• Problem to work on: Omit the pictures, and output the rest of the entries exactly as written.
○ ○ ○ ○ ○
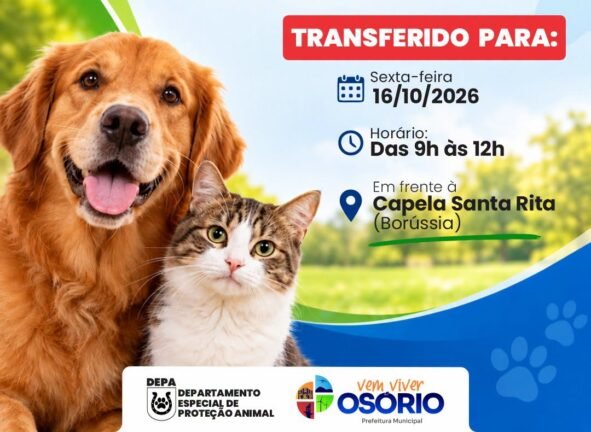Vacinação Antirrábica para Cães e Gatos  na Borússia é Adiada para o Dia 16 de Outubro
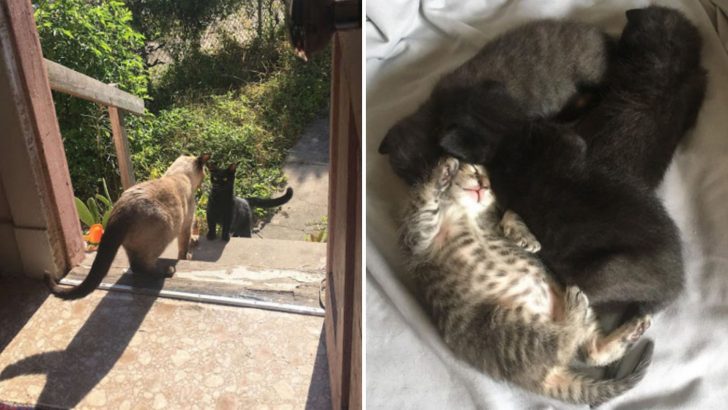 Stray Pregnant Cat Urges This Woman To Let Her In The House Only To Deliver Her A Furry Surprise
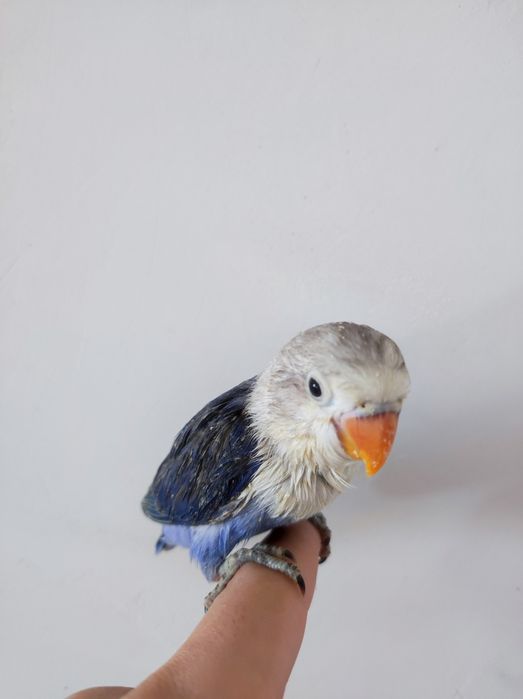 Попугаи неразлучники ручные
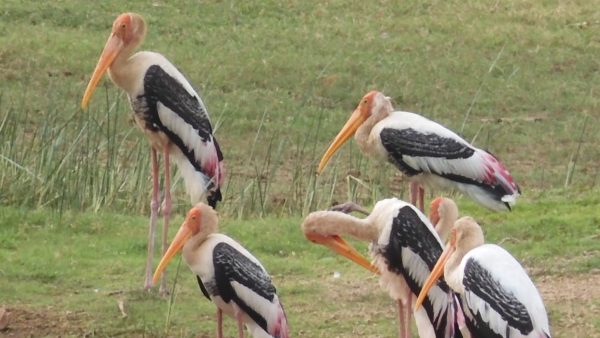 ಮನೆಯ ಅಂಗಳದಲ್ಲಿ ಪಕ್ಷಿಗಳಿಗೆ ಆಶ್ರಯ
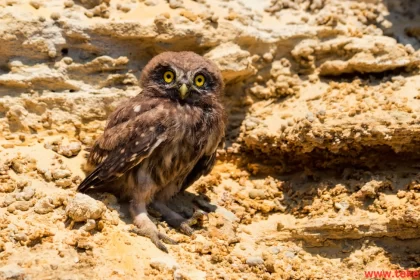 rock owl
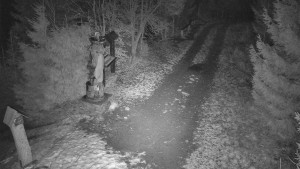 Skiareál Bílá - Bílá - běžecká trať - 7.12.2025 v 06:30 Skiareál Bílá - Bílá - běžecká trať - 7.12.2025 v 06:30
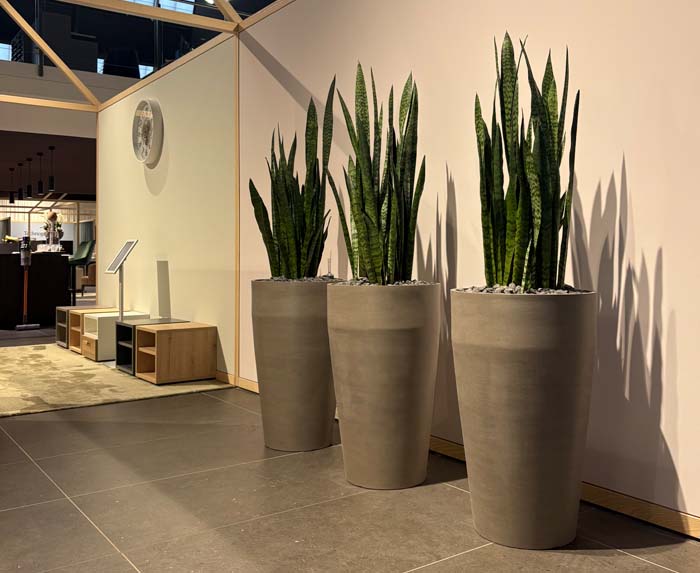Bettenhaus Thönig - Sansevieria in Ecopot Recycling Gefässen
○ ○ ○ ○ ○
• Worked solution:
Vacinação Antirrábica para Cães e Gatos  na Borússia é Adiada para o Dia 16 de Outubro
 Stray Pregnant Cat Urges This Woman To Let Her In The House Only To Deliver Her A Furry Surprise
 Попугаи неразлучники ручные
 ಮನೆಯ ಅಂಗಳದಲ್ಲಿ ಪಕ್ಷಿಗಳಿಗೆ ಆಶ್ರಯ
 rock owl
 Skiareál Bílá - Bílá - běžecká trať - 7.12.2025 v 06:30 Skiareál Bílá - Bílá - běžecká trať - 7.12.2025 v 06:30
Bettenhaus Thönig - Sansevieria in Ecopot Recycling Gefässen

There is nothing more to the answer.